Thu, 06 Jan 2000

Bank Indonesia forecasts 4 percent growth this year

JAKARTA (JP): Bank Indonesia (BI) predicted on Wednesday an economic growth of 3 to 4 percent and an inflation rate of 3 to 5 percent for this year.

In its report on policy direction for 2000, the central bank forecasted that the rupiah would stay stable at about Rp 7,000 to the U.S. dollar.

The relatively low inflation rate and stable rupiah should give more room for the central bank to lower its benchmark interest rate further, the report said.

To achieve those targets, the central bank aims to control the growth of base money by 8.3 percent this year.

"Entering the year 2000, the process of Indonesian economic recovery gains greater momentum in line with improvement in various sectors, especially the domestic political and economic fronts," BI said in its report.

BI projected gross domestic product growth of 0.1 percent for 1999, compared to a contraction of nearly 14 percent at the peak of the financial crisis in 1998.

The central bank also projected an inflation rate of 2.01 percent last year, down from hyperinflation of 78 percent in 1998.

BI, however, warned that its estimate for the inflation rate in the current year did not yet include any increases in fuel and power prices, civil servants' wages or import duties on rice and sugar.

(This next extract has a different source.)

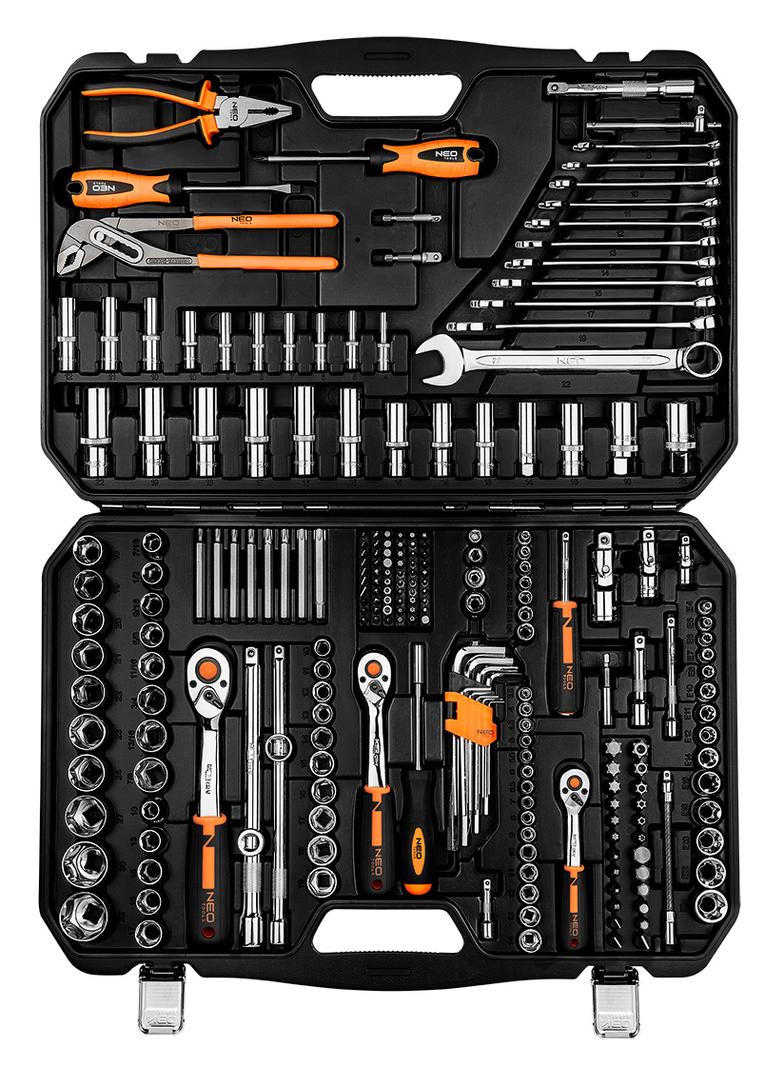 Klucze nasadowe 1/2", 3/8" , 1/4", zestaw 233 szt.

"Those government policies are projected to result in an increase of 2 percent in the inflation rate," it said.

To help contain inflation, BI will control the growth of base money by 8.3 percent through improved open market operation. BI will also control the flotation of government bonds held by commercial banks in the market. Banks will be allowed to sell up to 10 percent of their total bond holdings.

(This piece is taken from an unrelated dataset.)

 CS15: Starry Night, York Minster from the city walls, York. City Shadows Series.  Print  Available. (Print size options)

At the same time, BI will also continue its policy of keeping interest rates low to help revive the banking industry and also the real sector, which will thus stimulate economic growth.

BI noted that the growth of the country's gross domestic product this year would be driven especially by increasing domestic consumption and investment, as well as rising exports and imports.

Private consumption is expected to grow by 3 to 4 percent, while government consumption should rise by 5 to 6 percent.

Private investment is predicted to rise 1 to 2 percent while government investment will grow by 2 to 3 percent.

BI expected exports of goods and services to rise 1 to 2 percent this year, while imports should grow 11 to 12 percent.

Despite the rapid growth of imports, the country will still record a positive current account surplus this year, but it will be lower than the $5.2 billion recorded in 1999.

BI Governor Sjahril Sabirin said the announcement of the damning audit report on the central bank by the Supreme Audit Agency should not affect the central bank's ability to achieve those targets.

"The results of that audit will not affect BI in performing its duties as the central bank," Sjahril said.

BI senior deputy governor Anwar Nasution said he saw no reason not to be optimistic that BI would be able to maintain macroeconomic stability this year as it did in 1999.

He said BI did a good job last year in controlling inflation to about 2 percent from 78 percent in 1998, maintaining the stability of the rupiah at the Rp 7,000 level to the dollar and lowering its benchmark rate to over 11 percent from over 35 percent at the end of 1998.

"All indicators give good hope. All economic players, including BI, should also give good hope," Anwar said.

Nevertheless, BI warned in its report that the snail's pace of corporate debt restructuring and the delayed recapitalization of the country's rotten banks could hamper the economic recovery process.